Si tratta di una circostanza dove la posizione dell'interessato merita un'adeguata tutela, che va a contrapporsi alla discrezionalità dell'amministrazione.
Vediamo in che cosa consiste questa "tutela".
Stiamo parlando dell'onere motivazionale rinforzato.
Detto così, in "giuridichese", il termine è astruso e poco comprensibile: che cosa significa?
Semplicemente che l'amministrazione deve spiegare molto bene perché decide di fare marcia indietro rispetto ai precedenti rinnovi, soprattutto quando le condizioni non sono cambiate.
I Giudici sono concordi nel confermare il bisogno di questo onere motivazionale "rinforzato" da parte della Prefettura, che deve emergere chiaramente dal provvedimento con cui nega il rinnovo della licenza del porto di pistola ad uso difesa personale.
Passiamo al pratico
Il Prefetto, in sede di rinnovo, riesamina le condizioni che all'inizio lo hanno indotto al rilascio della licenza (le norme collegano la permanenza del titolo al non venir meno delle condizioni che inizialmente avevano consentito il rilascio).
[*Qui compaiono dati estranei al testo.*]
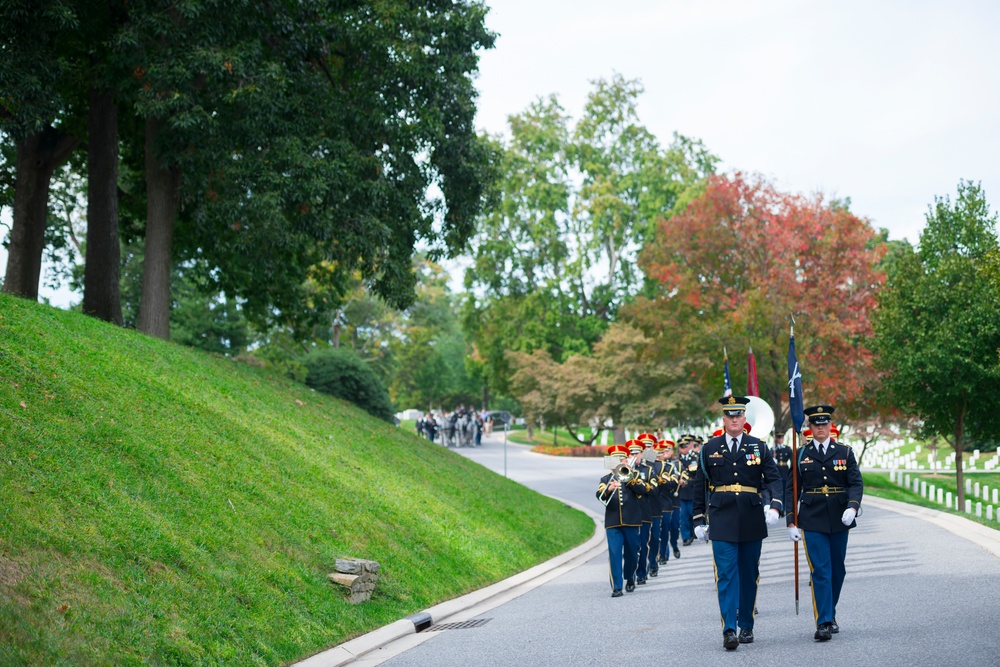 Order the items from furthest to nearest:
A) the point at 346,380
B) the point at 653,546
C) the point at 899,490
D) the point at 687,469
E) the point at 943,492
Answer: the point at 899,490 → the point at 943,492 → the point at 346,380 → the point at 687,469 → the point at 653,546

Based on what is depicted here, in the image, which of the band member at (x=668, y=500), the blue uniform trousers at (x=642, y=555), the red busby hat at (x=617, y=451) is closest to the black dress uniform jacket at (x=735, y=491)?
the red busby hat at (x=617, y=451)

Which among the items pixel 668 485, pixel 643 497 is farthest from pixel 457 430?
pixel 643 497

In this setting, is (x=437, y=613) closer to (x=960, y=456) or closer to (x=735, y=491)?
(x=735, y=491)

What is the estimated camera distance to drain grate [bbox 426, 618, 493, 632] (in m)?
11.1

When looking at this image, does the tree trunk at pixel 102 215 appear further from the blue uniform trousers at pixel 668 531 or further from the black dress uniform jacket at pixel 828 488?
the black dress uniform jacket at pixel 828 488

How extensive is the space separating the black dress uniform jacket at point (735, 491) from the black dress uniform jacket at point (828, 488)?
0.35 m

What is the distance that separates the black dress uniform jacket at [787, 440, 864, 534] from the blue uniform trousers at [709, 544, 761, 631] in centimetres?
58

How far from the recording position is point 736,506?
9.64 meters

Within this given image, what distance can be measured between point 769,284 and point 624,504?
64.8ft

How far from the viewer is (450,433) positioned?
57938 mm

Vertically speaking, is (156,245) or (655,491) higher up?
(156,245)

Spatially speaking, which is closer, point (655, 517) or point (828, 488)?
point (828, 488)

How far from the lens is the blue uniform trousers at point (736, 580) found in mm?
9156

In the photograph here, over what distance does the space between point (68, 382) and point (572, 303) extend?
4718cm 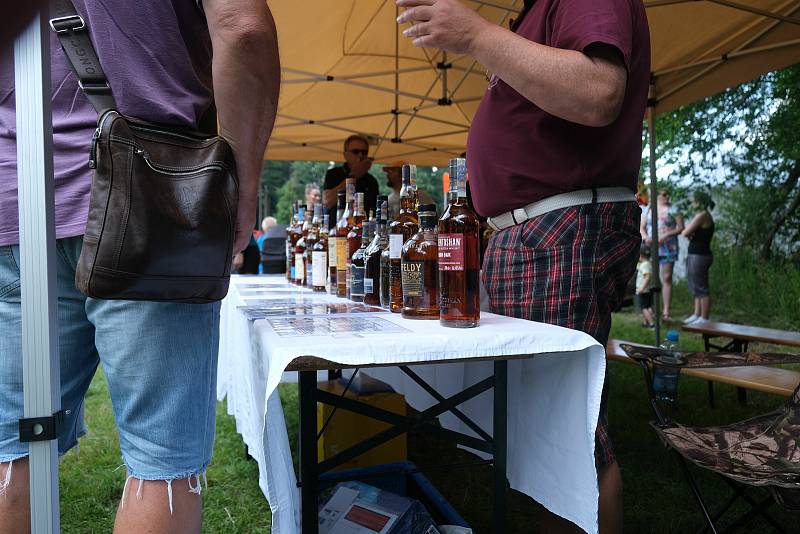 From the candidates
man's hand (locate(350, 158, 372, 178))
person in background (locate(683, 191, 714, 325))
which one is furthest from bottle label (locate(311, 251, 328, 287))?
person in background (locate(683, 191, 714, 325))

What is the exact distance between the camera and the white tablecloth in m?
1.06

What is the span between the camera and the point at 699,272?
24.3ft

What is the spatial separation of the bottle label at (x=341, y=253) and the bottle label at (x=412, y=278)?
73 cm

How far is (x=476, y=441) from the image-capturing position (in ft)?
4.82

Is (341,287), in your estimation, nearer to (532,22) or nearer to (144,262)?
(532,22)

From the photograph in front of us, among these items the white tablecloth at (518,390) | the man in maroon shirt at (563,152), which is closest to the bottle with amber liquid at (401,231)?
the white tablecloth at (518,390)

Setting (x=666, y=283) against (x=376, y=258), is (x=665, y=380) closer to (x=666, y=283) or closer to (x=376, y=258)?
(x=376, y=258)

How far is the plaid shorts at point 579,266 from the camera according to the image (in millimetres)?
1358

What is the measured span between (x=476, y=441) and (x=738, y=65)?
397cm

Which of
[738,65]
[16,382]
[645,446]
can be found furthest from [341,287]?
→ [738,65]

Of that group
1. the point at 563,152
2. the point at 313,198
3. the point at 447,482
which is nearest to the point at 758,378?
the point at 447,482

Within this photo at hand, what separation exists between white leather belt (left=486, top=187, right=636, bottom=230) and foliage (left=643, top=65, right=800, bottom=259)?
8695mm

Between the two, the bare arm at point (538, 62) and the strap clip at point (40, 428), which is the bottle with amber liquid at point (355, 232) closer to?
the bare arm at point (538, 62)

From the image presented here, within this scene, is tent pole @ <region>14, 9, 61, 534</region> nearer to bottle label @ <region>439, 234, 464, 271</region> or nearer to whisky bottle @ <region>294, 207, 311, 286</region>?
bottle label @ <region>439, 234, 464, 271</region>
Come funziona in concreto questo potere di riesame?
Utilizzando questo potere, l'amministrazione può pervenire ad una determinazione diversa sulla domanda di rinnovo del titolo, ma solo se cambiano i presupposti che avevano permesso l'originario rilascio.
Cioè, in breve: deve spiegare qual'è il cambiamento sopraggiunto rispetto al momento in cui era stata indotta a rilasciare il titolo.
Se non fa questo, il provvedimento emesso viene annullato dal tribunale dietro ricorso dell'interessato.
E' un po quello che è successo in occasione della causa qui commentata (sentenza del Tar Bari n. 79/2016).
Il ricorrente ha ottenuto il titolo del porto d'armi per difesa personale quale appartenente all'Arma dei Carabinieri e per lo svolgimento di servizi espletati solo in borghese, in quanto assegnato al reparto N.O.R.
Condizioni rimaste immutate nel tempo, tanto che la Prefettura ha sempre e di continuo concesso il rinnovo della licenza.
Non solo: da una nota del Comando Provinciale è pure emerso che l'interessato poteva trovarsi (vista l'attività svolta) in circostanze di obiettiva pericolosità, tali da comprovare il dimostrato bisogno previsto dall'art. 42 T.U.L.P.S.
In conclusione
tutto questo per dire che non basta per la Prefettura limitarsi, in sede di rinnovo, al fatto che l'interessato non spieghi l'esposizione a rischio di beni-interessi, almeno equivalenti a beni-interessi pubblici collegati alle norme in materia di autorizzazioni di polizia.
Il risultato che deve venir fuori è solo uno: il provvedimento deve essere sorretto da ragioni chiare, specifiche, puntuali, che spieghino il cambiamento sui cui si basa il diverso orientamento.
In caso contrario, i Giudici daranno ragione all'interessato.
E in casi simili?
Il buon senso della persona interessata aiuta, oltre che il controllo del buon uso della discrezionalità amministrativa. Il ricorso merita di essere proposto (e va proposto) tutte le volte in cui la Prefettura incorre nell'errore descritto.